Court upholds Cumberland Mine violation
A federal appeals court has upheld the Mine Safety and Health Administration’s determination that the failure by the Cumberland Mine to maintain emergency lifelines, regardless of the likelihood of a mine emergency, is a significant and substantial violation under the mine act.
An MSHA investigator cited the mine for violations of the lifeline requirement during an inspection of four of the mine’s escapeways in December 2007, according to a MSHA release. tMining law requires mine operators to provide flame resistant and directional lifelines in escapeways for miners to use to evacuate the mine in an emergency.
The investigator designated each violation significant and substantial, finding that in the event of an emergency, the lack of a lifeline would have delayed miners’ escape, and the delay would have been reasonably likely to result in serious injury or death.

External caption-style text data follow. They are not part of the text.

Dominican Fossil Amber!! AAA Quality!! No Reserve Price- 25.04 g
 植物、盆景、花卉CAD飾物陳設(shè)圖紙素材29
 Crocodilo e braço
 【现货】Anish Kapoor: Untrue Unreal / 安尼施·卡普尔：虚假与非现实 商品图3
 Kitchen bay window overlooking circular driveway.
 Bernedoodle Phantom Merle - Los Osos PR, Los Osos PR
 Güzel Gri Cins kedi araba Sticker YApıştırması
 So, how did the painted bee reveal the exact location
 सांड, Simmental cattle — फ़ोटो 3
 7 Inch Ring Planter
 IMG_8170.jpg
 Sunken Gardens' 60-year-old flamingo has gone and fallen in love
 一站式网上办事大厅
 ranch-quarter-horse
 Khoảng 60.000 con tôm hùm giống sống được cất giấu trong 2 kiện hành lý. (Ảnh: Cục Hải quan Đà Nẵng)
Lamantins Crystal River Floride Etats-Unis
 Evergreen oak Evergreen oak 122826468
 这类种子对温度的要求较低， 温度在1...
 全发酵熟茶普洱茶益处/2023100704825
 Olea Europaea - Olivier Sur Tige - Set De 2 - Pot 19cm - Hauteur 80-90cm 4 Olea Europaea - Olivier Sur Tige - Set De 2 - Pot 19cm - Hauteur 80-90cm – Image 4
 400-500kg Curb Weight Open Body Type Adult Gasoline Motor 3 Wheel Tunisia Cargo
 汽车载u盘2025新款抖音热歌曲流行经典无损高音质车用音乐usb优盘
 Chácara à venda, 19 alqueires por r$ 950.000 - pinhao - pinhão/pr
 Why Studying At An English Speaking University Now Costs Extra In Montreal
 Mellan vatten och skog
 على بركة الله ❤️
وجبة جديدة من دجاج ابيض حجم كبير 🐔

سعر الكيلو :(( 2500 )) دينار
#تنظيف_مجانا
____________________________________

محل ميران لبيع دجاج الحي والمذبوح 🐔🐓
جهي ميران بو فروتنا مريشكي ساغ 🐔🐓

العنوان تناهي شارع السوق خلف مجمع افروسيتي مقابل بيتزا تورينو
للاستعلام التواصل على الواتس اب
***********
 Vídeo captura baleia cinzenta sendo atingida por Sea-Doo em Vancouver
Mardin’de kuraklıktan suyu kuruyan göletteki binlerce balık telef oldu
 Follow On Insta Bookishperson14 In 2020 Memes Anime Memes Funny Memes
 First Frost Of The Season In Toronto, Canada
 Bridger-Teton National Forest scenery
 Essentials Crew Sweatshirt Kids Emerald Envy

A significant and substantial violation could lead to enhanced enforcement actions under the mine act.
A June 7 ruling by the U.S. Court of Appeals for the District of Columbia Circuit upheld the secretary of labor’s interpretation that, in evaluating the significant and substantial nature of violations of standards that come into play only in the event of an emergency, one must assume the occurrence of the emergency.
The court agreed that “emergency safety standards are fundamentally different from non-emergency standards because they are designed to apply meaningfully only in times of emergency.”
Cumberland Coal Resources LP had argued in its appeal that the commission applied the wrong standard when it reversed an administrative law judge’s determination that the violations were not significant and substantial, and that even if it applied the correct standard, its findings were not supported by evidence.